• _What this task involves_:
Having located the line with "Кухонный шкаф под", print it and each remaining line exactly, stopping at the end of the material and omitting pictures.

• _Input data_:
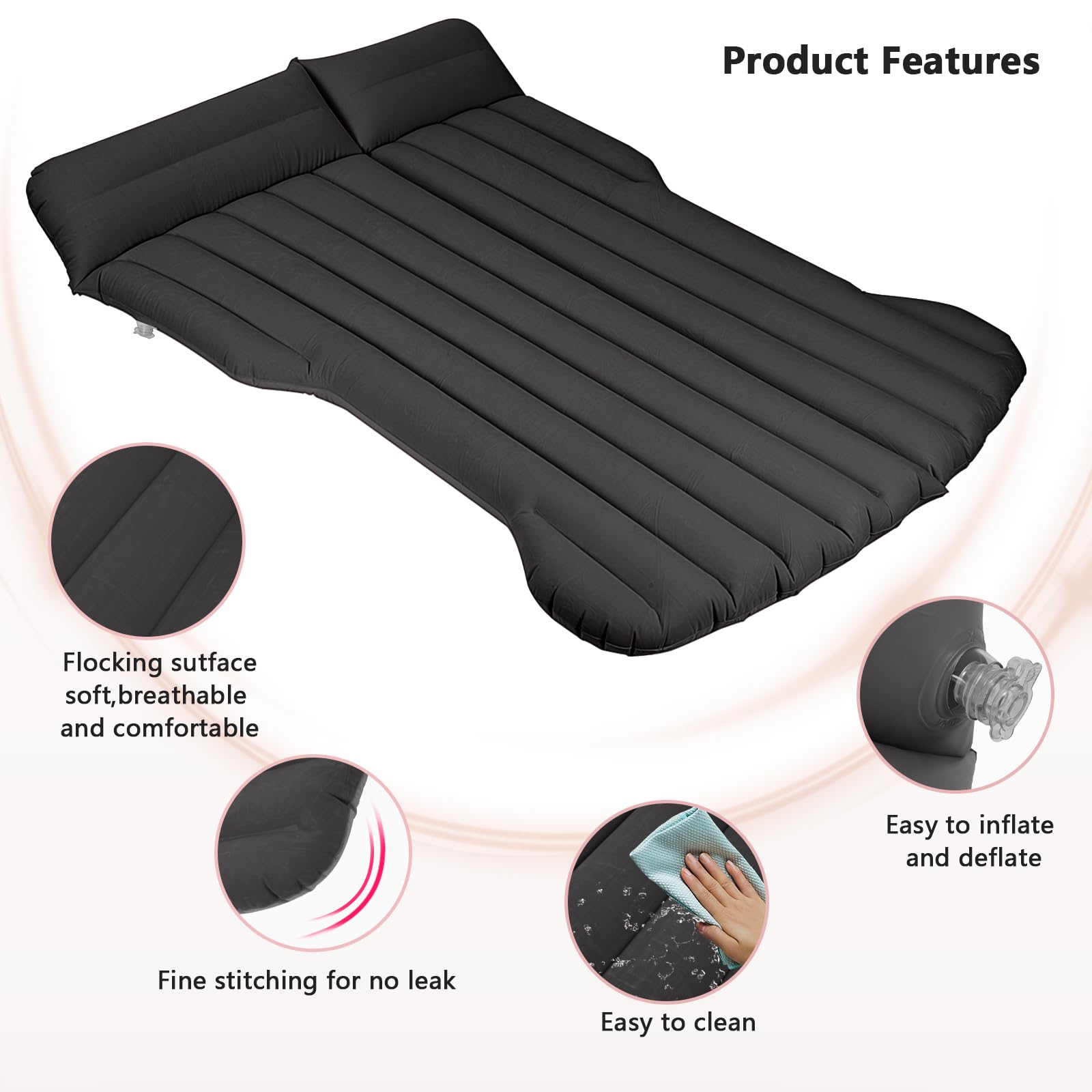 Vinteky Matelas Gonflable,Matelas Pneumatique pour Voiture lit de Camping Matelas Portable épais pour La Maison,Camping Voyager pour Tesla Model Y (Noir)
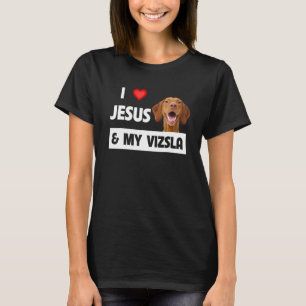 I Love Jesus And My Vizsla Dog Mum Dad Christian G T-Shirt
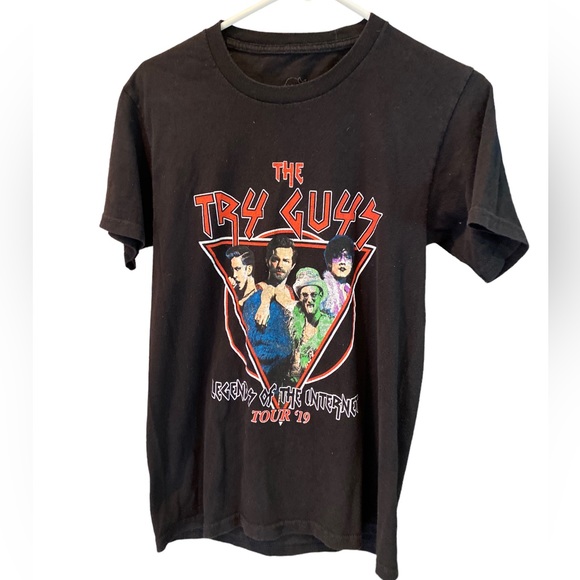 try guys Other - The Try Guys 2019 Men’s S Black T-Shirt Legends of the Internet Tour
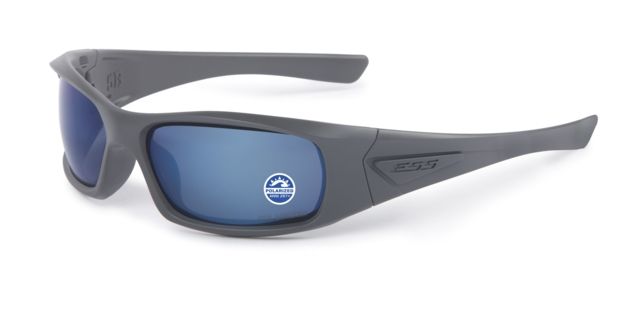 ESS 5B Tactical Sunglasses Matte Dark Gray Frame Mirrored Blue Lens Polarized Medium Fit - ESS Eye Pro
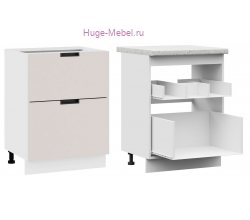 Кухонный шкаф под мойку 600 с двумя ящиками Сахара (мокко)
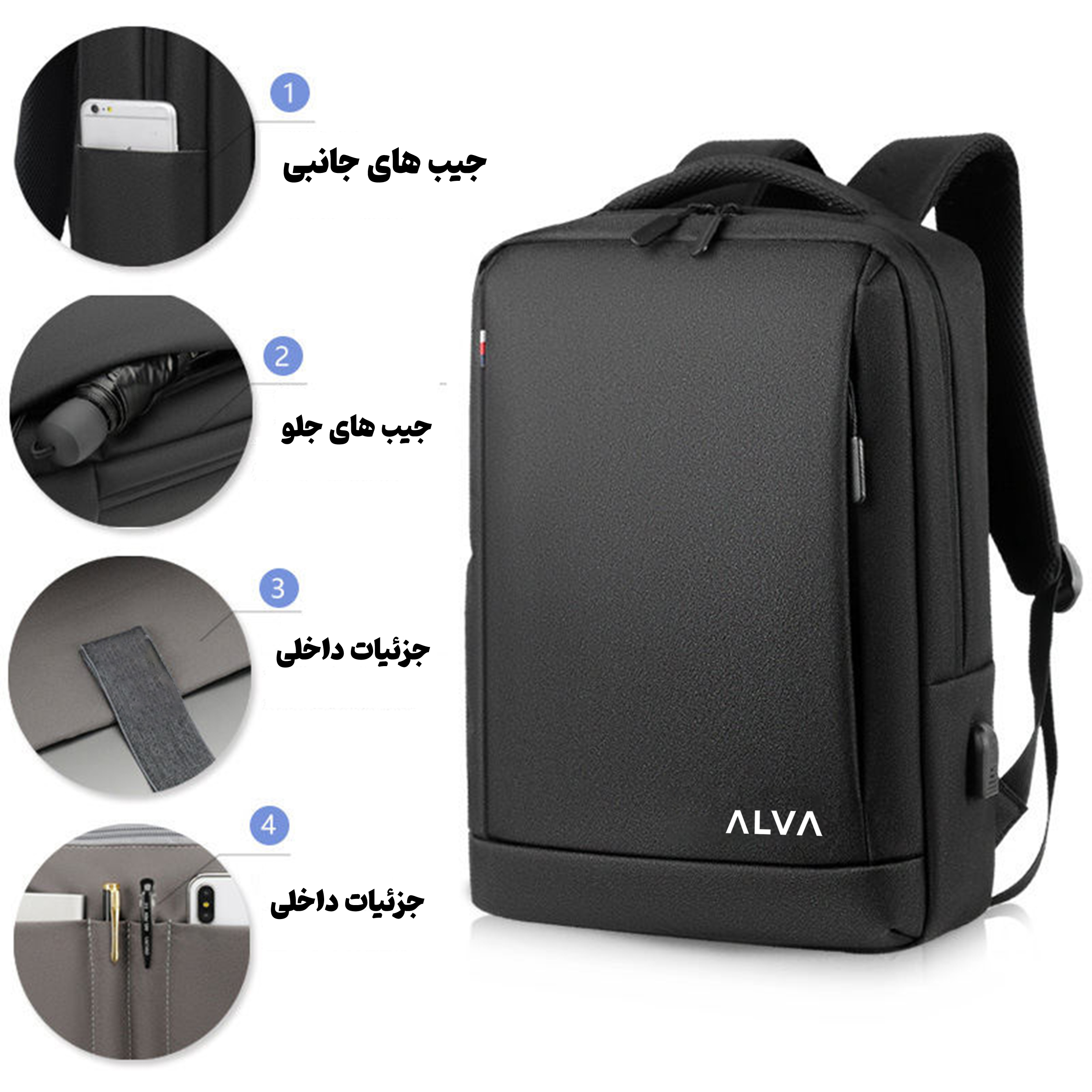 کوله پشتی لپ تاپ آلوا مدل omt مناسب برای لپ تاپ تا 15.6 اینچی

• _Solution below_:
 Кухонный шкаф под мойку 600 с двумя ящиками Сахара (мокко)
 کوله پشتی لپ تاپ آلوا مدل omt مناسب برای لپ تاپ تا 15.6 اینچی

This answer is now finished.